Beaufort04: Die Triennale für Gegenwartskunst in Belgien

Kunst entlang der sommerlichen Küste



Eine der schönsten Arbeiten von Beaufort04 steht nicht mehr. Der finnische Öko-Architekt Marco Casagrande hatte mit Hilfe von engagierten jungen Architekten und professionellen Weidenflechtern einen vierzig Meter langen, rund acht Meter hohen begehbaren Weidenschlauch geflochten, der sich durch die Dünen von Wenduine wand. Leider hat der Sturm, der Anfang Juni über die belgische Küste hinwegfegte und dem Besucher den Sand um die Ohren blies, das filigrane Gebilde auf einigen Meter eingedrückt, so dass eine Begehung nicht mehr möglich ist. Poetisch hat Casagrande mit seinem „Sandworm“ auf die Umgebung reagiert und dem Küstenstreifen ein Spiel aus Licht und Schatten, Ausgeliefertsein und Schutz, Wind und Behausung eingeschrieben.


Da hätte man sich doch mal eher mit der Windstärkenskala des Sir Francis Beaufort befassen müssen, denn immerhin ist er Namensgeber der alle drei Jahre an Belgiens Nordseeküste stattfindenden Triennale für zeitgenössische Kunst „Beaufort“. In Zeiten immer knapper werdender Mittel wird auch die Reparatur von Marco Casagrandes „Sandworm“, die nun ansteht, nach Sponsoren und Freiwilligen fragen. Hatte Beaufort einst 5 Millionen Euro für die Triennale zur Verfügung, so muss sie in diesem Jahr mit 3,5 Millionen Euro auskommen. Das mag vielleicht ein Grund dafür sein, warum die Künstlerauswahl nur aus Europäern besteht.

Knokke, der vornehmste der zehn belgischen Badeorte, hat sich in diesem Jahr – und das ist eher weniger vornehm – nicht mehr als künstlerische Spielwiese zur Verfügung gestellt. Zur Begründung gab man an, dass man die Kunstwerke, die für Knokke vorgesehen waren, zu schlecht fand. Das ist verwunderlich, da doch alle Gemeinden ein Mitspracherecht haben. Ob nun mehr für die restlichen Badeorte an der See übrig bleibt, ist leider nicht mehr nachzuvollziehen. Dabei zieren seit 2003 schon einige Kunstwerke die Küstenstreifen und sind der Grundstein für einen dauerhaften Skulpturenpark.

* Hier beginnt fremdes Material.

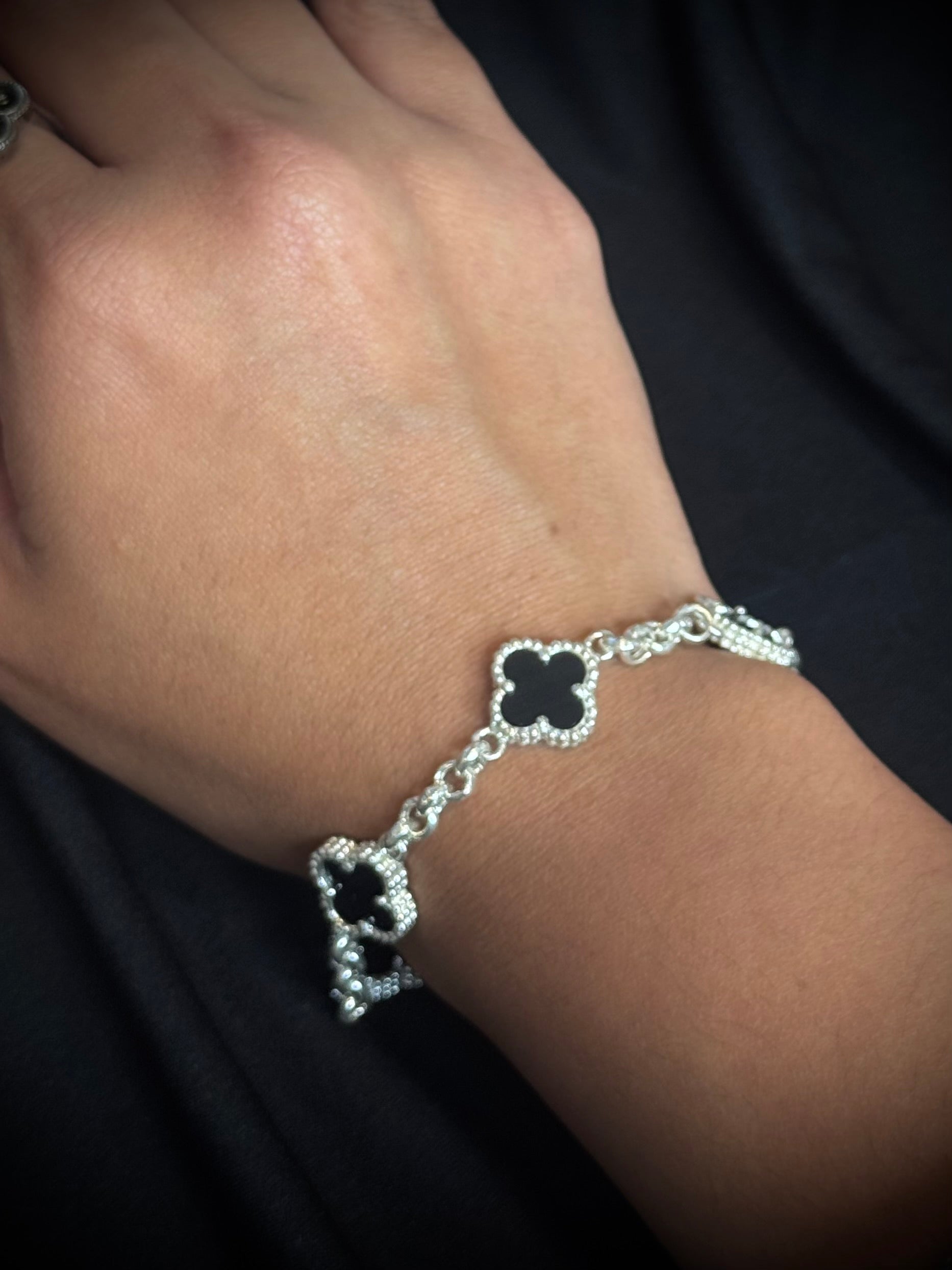 PULSO Trebol negro 9.54gr / 16cm / PLATA Esp. Esp.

Für den deutschen Urlauber ist Belgiens Küste eine einzige Hochburg an allen Bausünden, die man sich für eine reizvolle Landschaft vorstellen kann. Hier reiht sich Hochhaus an Hochhaus der Uferpromenaden entlang. Und schaut man auf den Strand, sieht man merkwürdige Häuschen, im Sommer von Familien umlagert, die darin ihr Strandgut für einen Sommer bewahren. Hat man sich an diesen Anblick gewöhnt, dann kann man problemlos mit einem hervorragend gemachten Kunstführer in handlichem Format auf Entdeckungsreise gehen und den Reiz dieser Küste und seiner „neuen“ Kunst genießen.

Gab es in der ersten Triennale noch viele Arbeiten, vor allem Gemälde, in Kirchen und öffentlichen Gebäuden, ist dies fast zur Gänze verschwunden. Als einer der wenigen Teilnehmer setzt Hans Op de Beeck, belgischer Künstler von Weltruhm, auf einen Innenraum. In Nieuwpoort entdeckte er ein kleines, ziemlich verstecktes Munitionslager, das Bommenvrij, das ihn zu einer ausgedehnten Installation inspirierte. Seine düstere Raumskulptur „Location (8)“ ist getragen von Elementen des „film noir“ und nächtlicher Volksrituale. In Schwarz eingehüllt und nur zaghaft von ein paar Glühbirnen erleuchtet, läuft man auf einem schwarzen Steg zu einer Insel aus Kerzen und einem Sitzraum, der konisch geformt ist. Hier kann man den Raum und die dazu komponierte Musik auf sich wirken lassen und in einen Ort im Nirgendwo eintauchen. An seiner Serie „Location“ arbeitet Hans Op de Beeck kontinuierlich seit zwölf Jahren.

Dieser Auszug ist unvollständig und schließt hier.